Gerhartz also suggested that Europe’s commitment to Australia and other partners in the region needed to be more than rhetorical.

An A400M transport aircraft at Avalon airshow in Victoria this week.
Lt Gen Ingo Gerhartz said the A400M transport aircraft, pictured at Avalon airshow in Victoria this week, was intended to send ‘a strong signal that this region is important for us, Australia is important for us’. Photograph: German Air Force

“I mean it’s good if politicians talk about it, but you have to fill it with life. You have to show it, prove that you really mean it. We want to make it really visible.”

He said that was why Germany’s air force was planning to attend the Pitch Black exercise in Australia next year. If the participation was a one-off, critics could claim “now they are busy in Europe and now they don’t come any more”.
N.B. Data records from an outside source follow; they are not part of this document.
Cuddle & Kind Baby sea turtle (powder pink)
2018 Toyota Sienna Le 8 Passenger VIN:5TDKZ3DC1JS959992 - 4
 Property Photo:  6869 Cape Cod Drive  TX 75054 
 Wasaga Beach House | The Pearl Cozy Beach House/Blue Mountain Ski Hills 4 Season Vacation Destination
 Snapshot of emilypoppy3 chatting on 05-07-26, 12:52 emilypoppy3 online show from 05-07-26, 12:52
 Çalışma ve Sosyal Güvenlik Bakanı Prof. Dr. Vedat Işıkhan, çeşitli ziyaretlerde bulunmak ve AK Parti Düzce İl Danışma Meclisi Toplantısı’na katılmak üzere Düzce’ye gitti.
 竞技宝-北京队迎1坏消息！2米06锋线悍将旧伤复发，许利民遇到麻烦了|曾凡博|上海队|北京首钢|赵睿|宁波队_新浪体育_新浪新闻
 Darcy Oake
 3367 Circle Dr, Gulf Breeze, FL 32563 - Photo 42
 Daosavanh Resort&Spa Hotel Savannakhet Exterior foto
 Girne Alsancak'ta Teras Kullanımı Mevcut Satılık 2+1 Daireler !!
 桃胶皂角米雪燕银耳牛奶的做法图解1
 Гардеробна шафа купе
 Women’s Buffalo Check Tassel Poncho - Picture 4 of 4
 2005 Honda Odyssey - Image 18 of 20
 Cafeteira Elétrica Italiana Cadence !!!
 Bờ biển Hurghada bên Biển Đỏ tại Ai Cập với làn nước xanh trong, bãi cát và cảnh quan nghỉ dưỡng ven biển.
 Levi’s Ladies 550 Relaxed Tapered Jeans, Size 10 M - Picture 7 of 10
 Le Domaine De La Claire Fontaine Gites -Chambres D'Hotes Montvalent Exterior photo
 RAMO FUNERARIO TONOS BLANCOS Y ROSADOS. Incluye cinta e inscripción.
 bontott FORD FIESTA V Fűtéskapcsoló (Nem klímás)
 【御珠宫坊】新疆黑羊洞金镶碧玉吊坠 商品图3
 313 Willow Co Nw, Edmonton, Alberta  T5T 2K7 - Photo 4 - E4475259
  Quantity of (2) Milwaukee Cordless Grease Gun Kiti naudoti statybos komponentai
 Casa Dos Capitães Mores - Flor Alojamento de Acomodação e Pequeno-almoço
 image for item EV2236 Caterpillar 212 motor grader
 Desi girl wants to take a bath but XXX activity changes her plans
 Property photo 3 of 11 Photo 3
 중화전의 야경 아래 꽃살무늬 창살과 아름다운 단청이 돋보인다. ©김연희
“In aerodynamics, we would say now the cooperation is in a stall.”

Germany’s air force has put a proposal to its counterparts in France and Spain that they come to next year’s Pitch Black exercise as “a common contingent”.

Gerhartz said it would be “a strong signal if those three nations are holding hands deploying to the Indo-Pacific”.

He said Germany would start flying F-35 fighter jets in 2026, and Australia already had experience operating them, so the two countries could explore opportunities to cooperate on training and weapons.

The war in Ukraine has triggered a rapid reassessment of defence and security policies across Europe, including an increase in German defence spending, along with applications by Finland and Sweden to join the Nato alliance.

In its new “strategic concept”, Nato argues that China poses “systemic challenges” to Euro-Atlantic security even though Russia remains “the most significant and direct threat to allies’ security”.

China responded to the Nato assessment by urging the alliance to “stop provoking confrontation by drawing ideological lines”.

Germany will soon unveil a new national security strategy, but the European Union last year also adopted a “strategic compass” that raised concerns about China’s “increasingly assertive regional behaviour”.

The EU had “a crucial geopolitical and economic interest in stability and security” in the Indo-Pacific and would increase exercises, patrols and port calls with partners, according to the document.